- Supreme Court to Review Significant Robinson-Patman Act Decision
- June 15, 2005
- Law Firm: Weil, Gotshal & Manges LLP - New York Office
The Supreme Court has agreed to consider the Eighth Circuit's 2-1 decision in Reeder-Simco GMC, Inc. v. Volvo Trucks NA, Inc.,1 which held that pricing practices of Volvo Trucks NA ("Volvo") violated the Robinson-Patman Act. This is the first Robinson-Patman case to be heard by the Supreme Court since 1993, despite the fact that sellers and resellers of commodities are probably more affected in their day-to-day marketing activities by that statute than by any other antitrust statute. The issues raised in Reeder-Simco present the Court with the opportunity to bring the Robinson-Patman Act closer to conformity with the law developed under the principal antitrust statutes.
Volvo distributes its heavy trucks through a network of independent dealers who sell to industrial and commercial users. These end users typically solicit competitive bids from several dealers representing different manufacturers, and then purchase from the dealer offering the most attractive bid. What makes the industry unusual is that most heavy trucks are built to order by the manufacturer after the end user has agreed to buy from a dealer. Because of the high cost of heavy trucks, it can be prohibitively expensive for a dealer to maintain an inventory of trucks sufficient to meet the needs of its potential customers, who generally contract to buy a number of trucks from the successful bidder. For that reason, a dealer purchases trucks from Volvo only after an end user has accepted the dealer's bid.
During the competitive bidding process, Volvo often grants a dealer an additional discount from its published wholesale price in order to permit the dealer to submit lower bids to be competitive with other dealers -- generally dealers selling heavy trucks purchased from other manufacturers. Volvo decides on a case-by-case basis whether to offer the additional discount, and how large the discount will be, based on each competitive situation. Therefore, Volvo may offer a different price to a dealer in connection with a bid to one end user than it may offer to a dealer in connection with a bid to another end user. Significantly, when two or more Volvo dealers are competing to sell to the same end user, Volvo's practice is to offer the same discount to each. Head-to-head competition between Volvo dealers for the same end user, however, is the exception rather than the rule. Most end users solicit a bid from only one Volvo dealer.

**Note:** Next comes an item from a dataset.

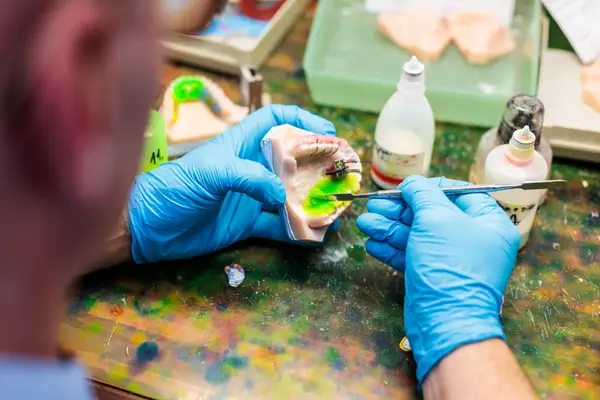 Zahntechniker fertigt Zahnersatz mit Modell und Werkzeugen im Dentallabor an.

The Eighth Circuit Decision
The evidence considered by the Eighth Circuit involved three fact patterns. (1) Two situations (out of hundreds) in which, as a result of unique factual circumstances, Reeder, the plaintiff, was offered a lower discount than a competing Volvo dealer, and lost the bid to that dealer. As a result, in both instances Reeder did not purchase any trucks from Volvo for the customer involved; (2) a number of instances in which another Volvo dealer received a greater discount with respect to transactions for which Reeder had not bid; and (3 ) a number of situations in which Reeder competed only against dealers that bought trucks from manufacturers other than Volvo, and as to which Reeder either won or lost a bid.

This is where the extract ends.